Let $[a,b]$ be some interval, and let $X \in [a,b] $ be some unknown number one would like to find (approximately). An example of this problem is finding the root of a real function which changes its sign exactly once on $[a,b]$. The bisection method then suggests we examine the two subintervals $[a,c],[c,b]$ with $c=(a+b)/2$, and see in which of these does $X$ lie. One then repeats this procedure until the length of the interval becomes as small as desired. Another way to put this is that one starts "walking" from $a$, using a step size of $\Delta x:=(a+b)/2$, and halves the step size every time the step goes beyond the root.
My question is, is this the fastest way to locate a number in an interval to arbitrary accuracy? What if one updates the step size according to $\Delta x \mapsto q \Delta x$ with $q \neq 1/2?$
Thank you!
Let take the extreme example :
Let say you want to find $X$ within an interval of distance $d$ and you take steps of size $d$, which mean you divide $[a,b]$ into $E({b-a\over d})+1$ sub intervals and scan through them.

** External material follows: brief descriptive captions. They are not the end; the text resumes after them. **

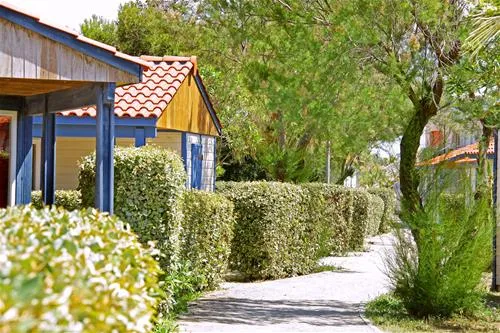 camping-lvl-les-ayguades-gruissan-8tob1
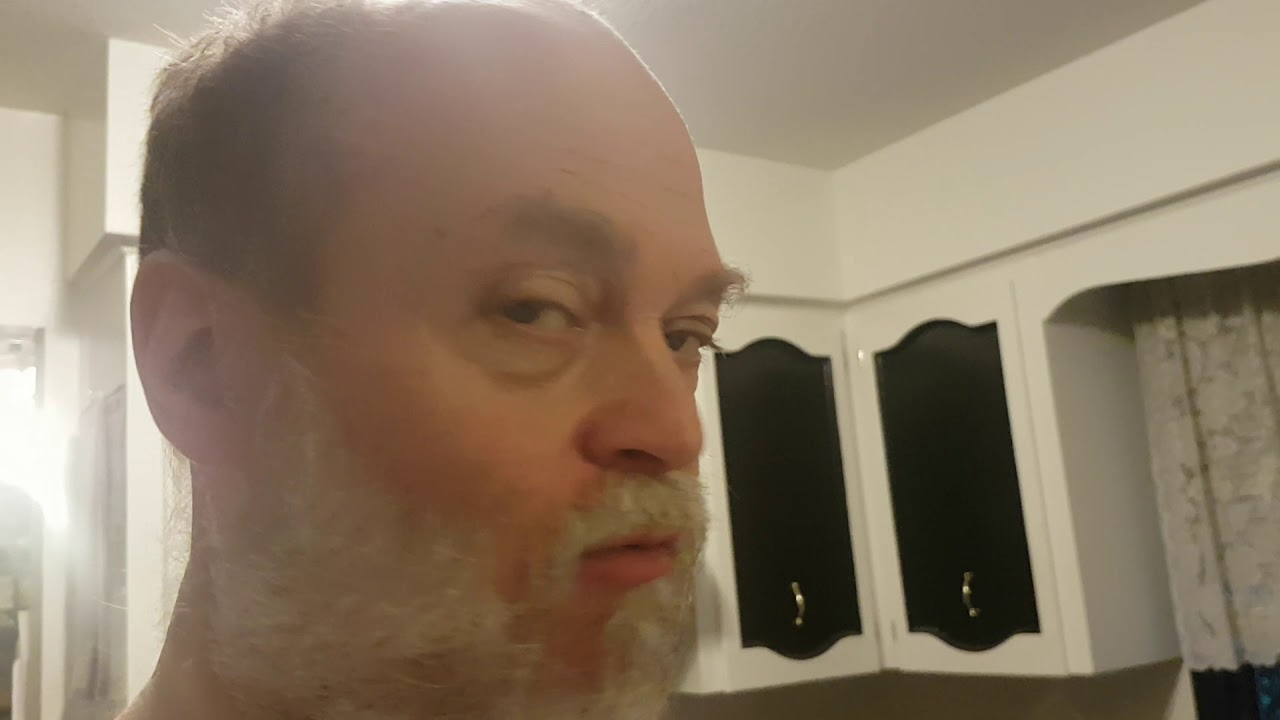 Do almonds get stale after a few days?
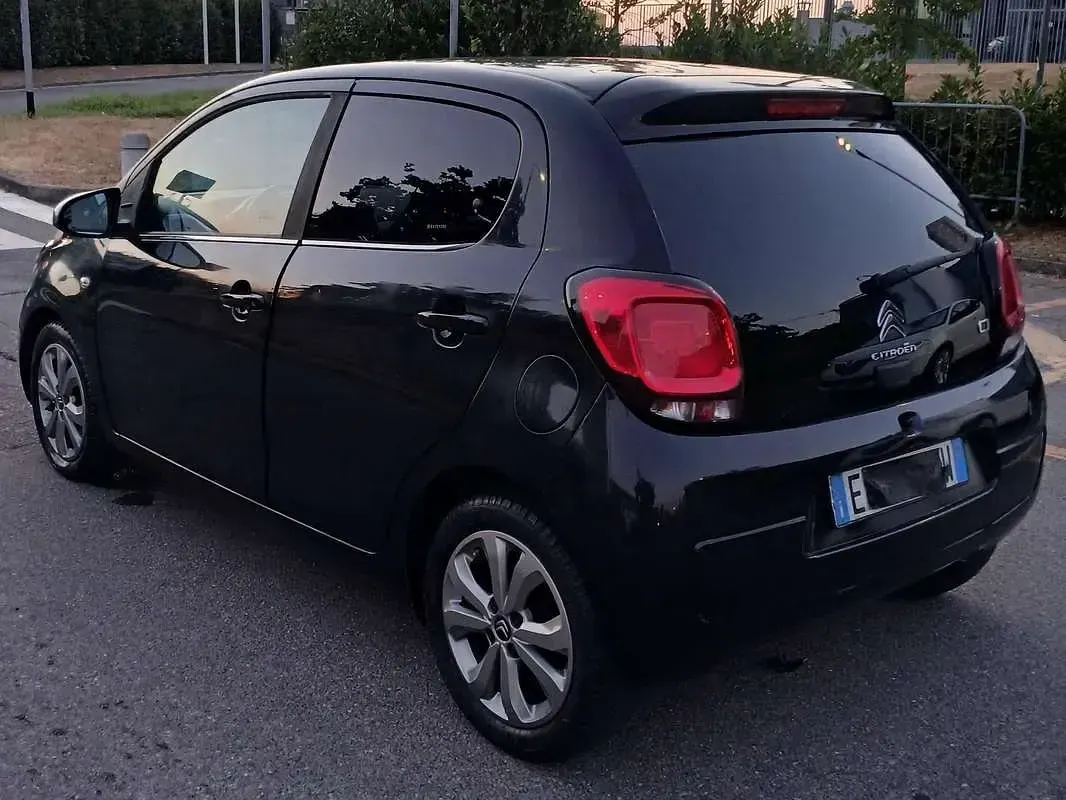 Usata Citroën C1 PureTech 82 CV (60 kW) 2014 Nero Utilitaria
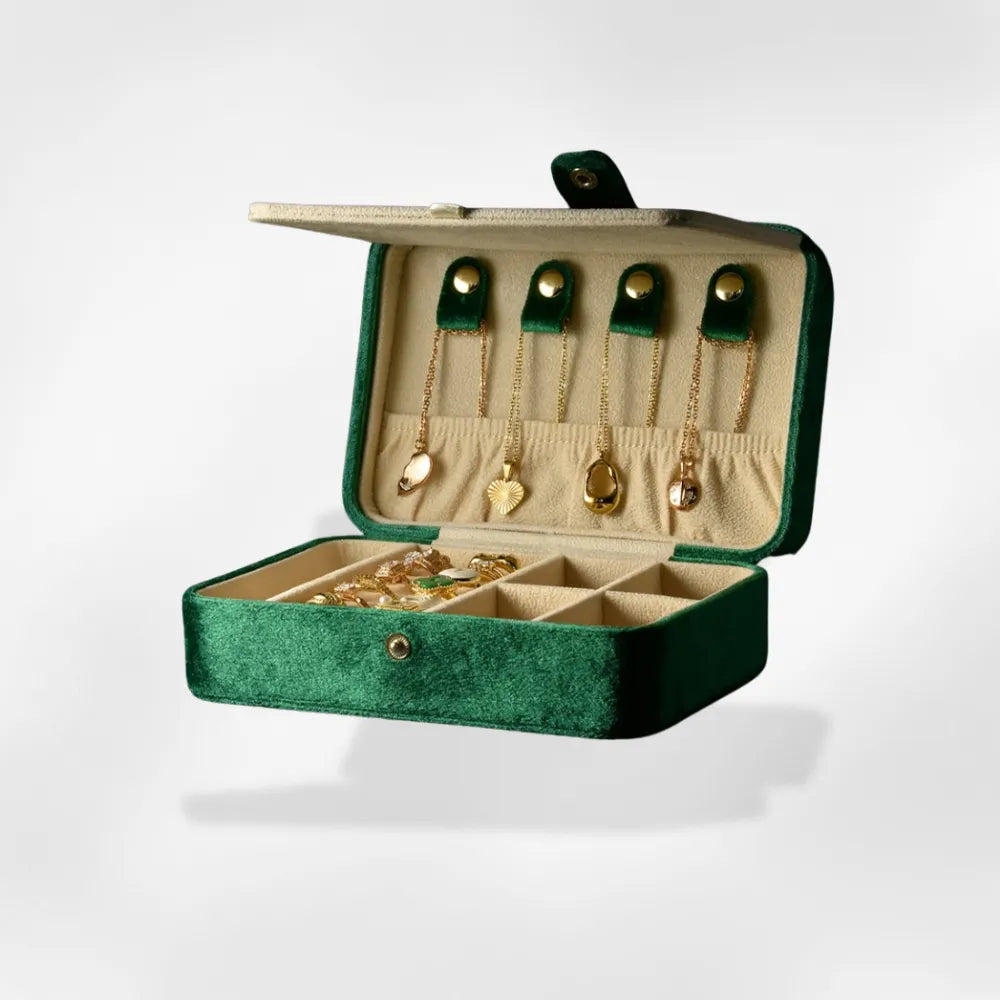 https://cdn.shopify.com/s/files/1/0889/8084/8989/files/Petite_Bo_te_Transport_Bijoux.webp?v=1754920820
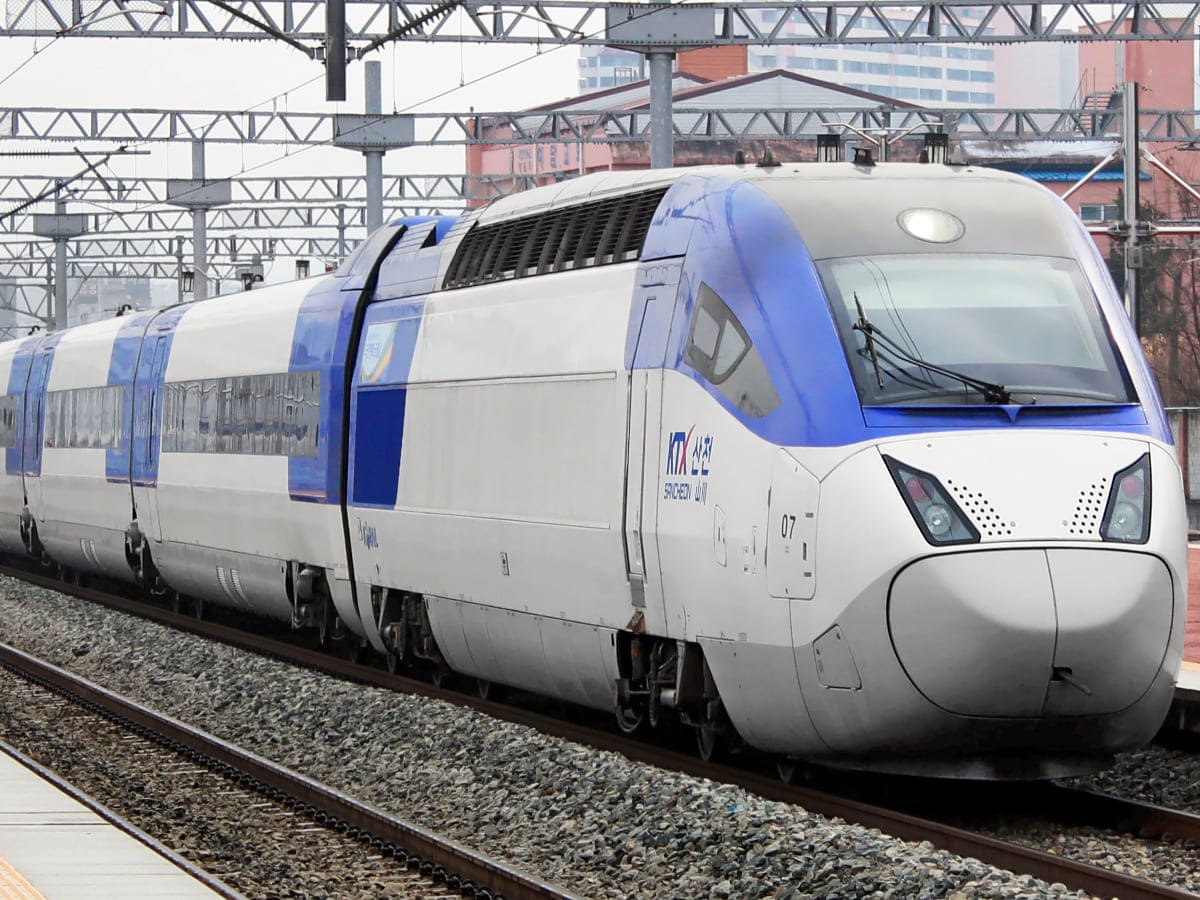 KTX-Sancheon (South Korea) - 305 km/h (190 mph)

Assuming $X$ is evenly distributed over $[a,b]$ then the expected number of steps before finding $X$ is half the number of sub-intervals ${E({b-a\over d})+1}\over 2$
Now with the bissecting method, first step you got an interval length of ${b-a\over 2}$, second step ${b-a\over 4}$ , ... , $n$-th step ${b-a\over 2^n}$. Remember you want to repeat until this interval length is less than $d$, so it will be satisfied at step $n_0$ with :
$$ n_0 = \min\left\{n :d \ge {b-a\over 2^n}\right\} = \min\left\{ n : n\log(2) \ge \log\left({b-a\over d}\right)\right\}$$
Now you can compare : for the first method, the estimated number of steps is proportional to $b-a\over d$ whereas with the bissecting method, you end up with a number of steps proportional to $\log\left(b-a\over d\right)$ which is better especially as $d$ decrease.